At this, the mid point of my life, I feel I can answer that question resoundingly in the negative. First a word of caution: I am a self-confessed introvert. This means (at least according to Jung, and Msrs Myers and Briggs), that I derive my energy, and recharge my batteries, from being alone. However even we introverts aren't immune from feeling lonely. In fact if anything we tend to be more prone to it, since we can find it difficult to make friends, and find kindred spirits in those around us.
However, that said, I can honestly say that I've experienced the most profound moments of loneliness in my life, when in the presence of an unfriendly or indifferent group of people, or when around a friend or romantic partner I've become alienated from for some reason (or who is no longer interested in my company).
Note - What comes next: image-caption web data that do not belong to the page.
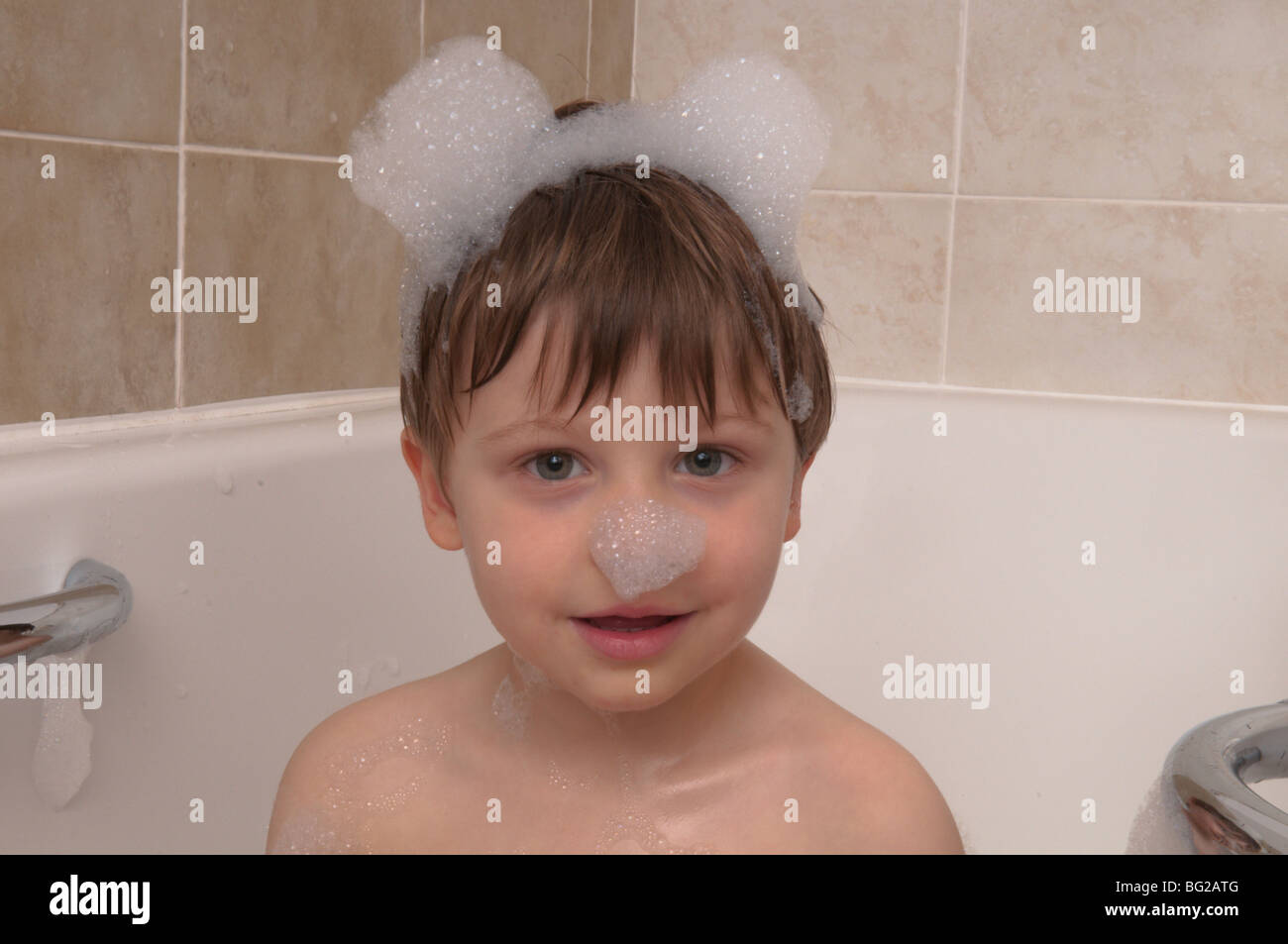 boy threeandonehalf years old playing in bubble bath with bubbles in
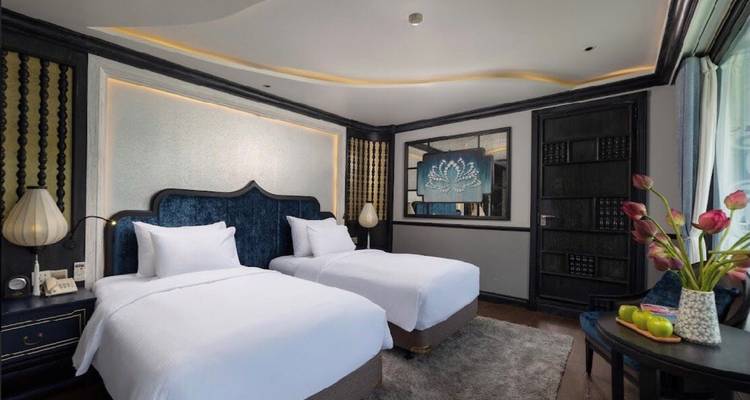 Hotelkamer met twee eenpersoonsbedden en elegante meubels.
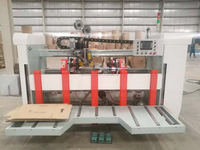 Machine semi-automatique à piquer les boîtes en carton ondulé à double pièce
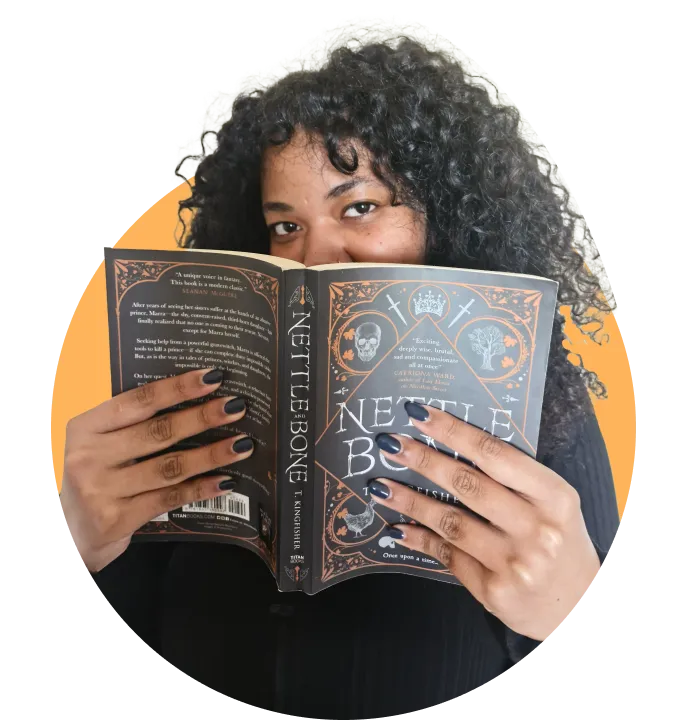 Woman holding black book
In contrast, some of the deepest experiences of calm, contentment, and peace, have come at times when I've had only myself for company, and to rely on. These include times I've travelled to foreign countries on my own, or spent an entire weekend at home without talking to another soul. Some might think this is very odd, and may label me a recluse. Well that's fine, I'll take the label and wear it, if that's what society needs to call me to justify the strictures we are given about how to conduct ourselves.
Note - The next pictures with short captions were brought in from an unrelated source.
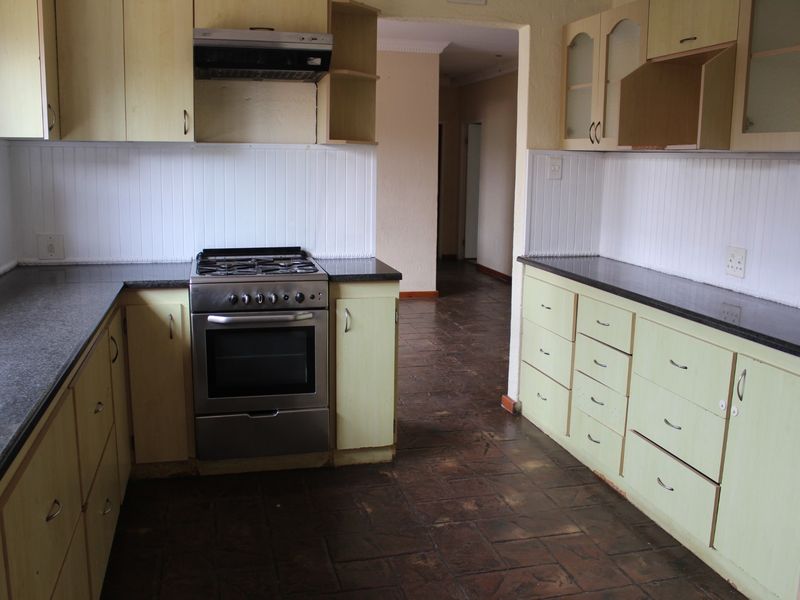 A dated kitchen featuring built-in cabinetry, a gas stove with extractor fan, and dark tiled flooring, offering significant potential for modernization.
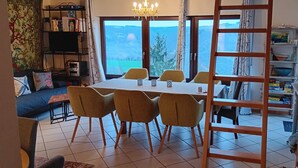 A dining area with a table, chairs, and a view of the outdoors.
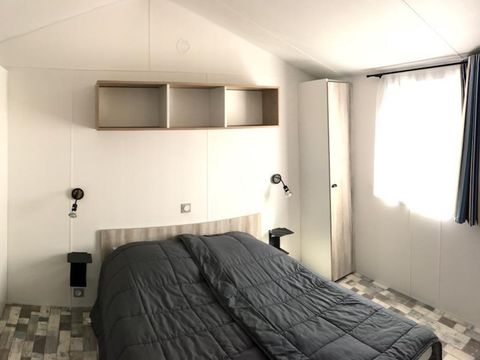 MOBILHOME 4 personnes - PMR 31m² - 2 chambres - terrasse couverte (adapté pour personnes à mobilité réduite) - TV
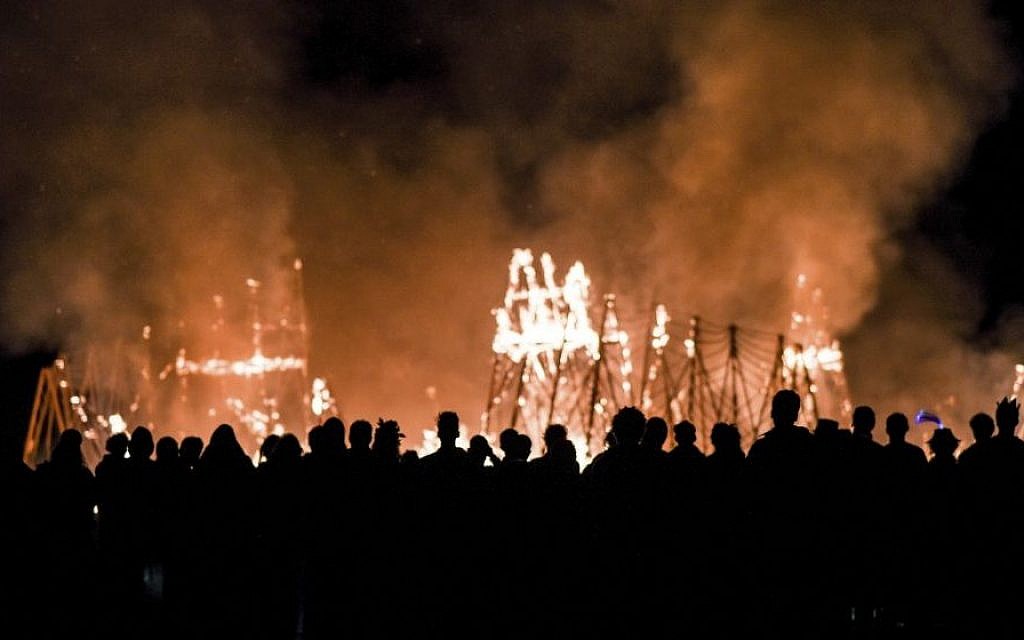 Revelers watch the wood installations burn at the second annual Midburn festival, the Israeli version of Burning Man, on May 24, 2015. (Ben Kelmer/Flash90) Revelers watch the wood installations burn at the second annual Midburn festival, the Israeli version of Burning Man, on May 24, 2015. (Ben Kelmer/Flash90)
From an early age we're told by parents and teachers that we are strange and antisocial if we prefer our own company at times to that of others. We become the 'loner' that others worry about. They fear for our mental health and happiness. If we choose to spend time alone, we are told that we're "isolating" ourselves -the implication being that we should always want to be around others.
I'm not denying the fact that we are fundamentally social beings. We're given the power of speech, and emotional centres in our brain, to allow us to interact with our peers, and form relationships. But even social beings can derive profound satisfaction from those moments of complete communion with self. It can happen out on the lake with a fishing rod at dawn, sitting alone in church, or taking a walk, revelling in the beauty of nature.
It's at these times that the chatter dies down, and we can rest in perfect peace and harmony with ourselves, and perhaps even achieve a better understanding of who we really are.